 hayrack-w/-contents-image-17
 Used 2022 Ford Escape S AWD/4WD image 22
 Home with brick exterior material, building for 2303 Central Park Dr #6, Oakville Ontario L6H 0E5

==========

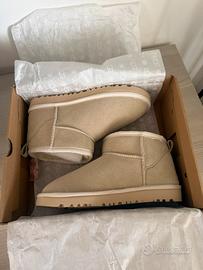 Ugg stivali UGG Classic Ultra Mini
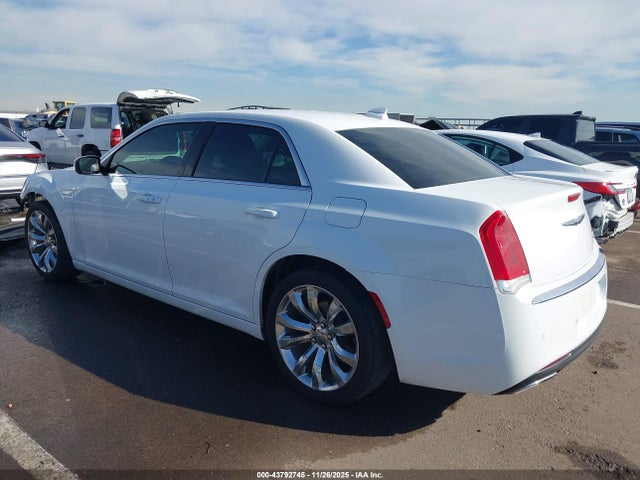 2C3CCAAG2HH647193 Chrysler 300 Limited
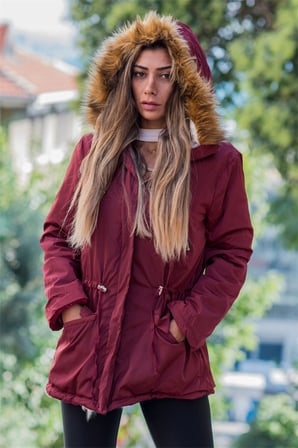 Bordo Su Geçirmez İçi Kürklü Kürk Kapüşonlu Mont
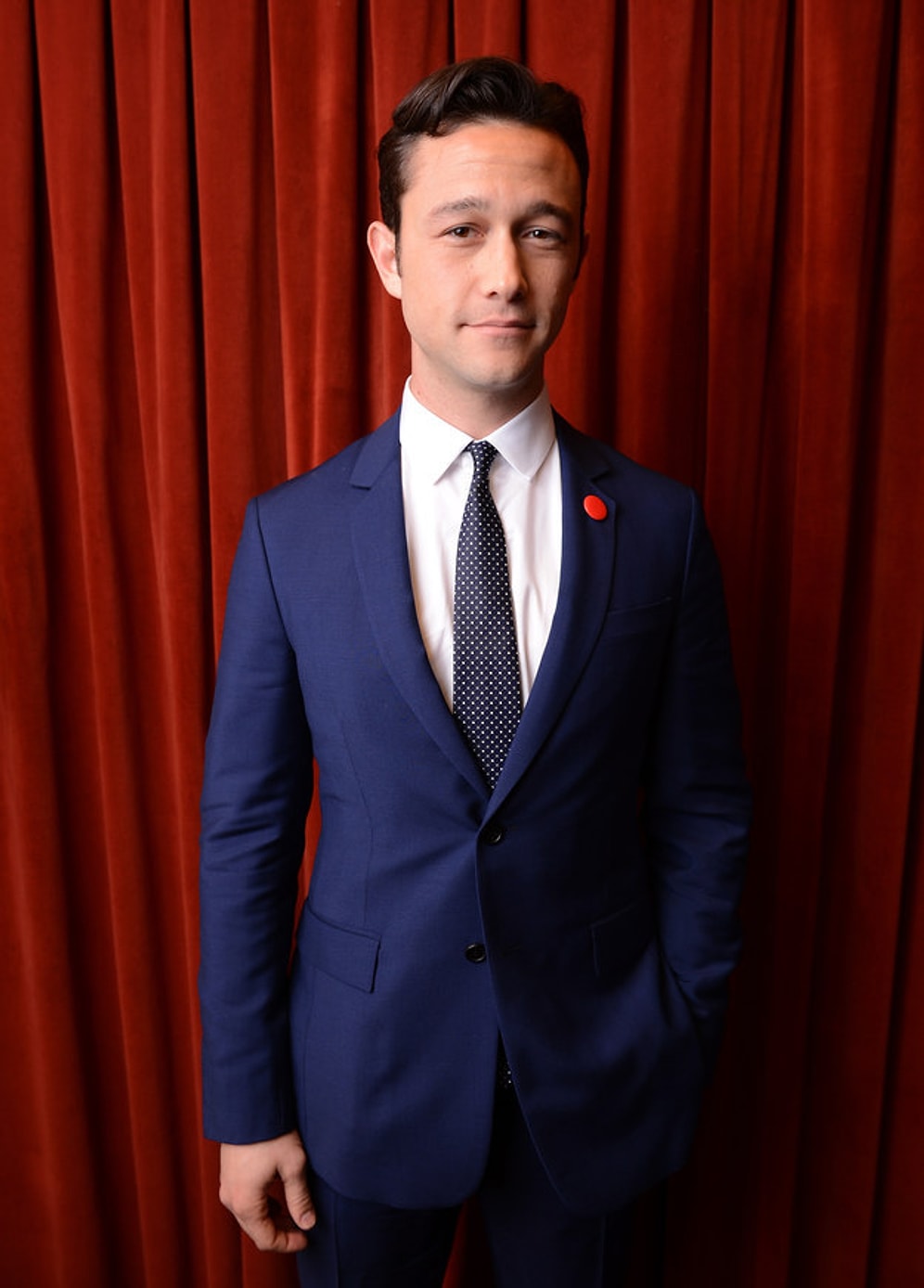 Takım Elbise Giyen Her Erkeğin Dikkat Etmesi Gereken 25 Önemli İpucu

==========

* **Assignment**
Both the line containing "hayrack-w/-contents-image-17" and the line containing "Home with brick" belong in the answer. Print them and every line above that falls between them exactly, and no others.

* **Output of the exercise**
 hayrack-w/-contents-image-17
 Used 2022 Ford Escape S AWD/4WD image 22
 Home with brick exterior material, building for 2303 Central Park Dr #6, Oakville Ontario L6H 0E5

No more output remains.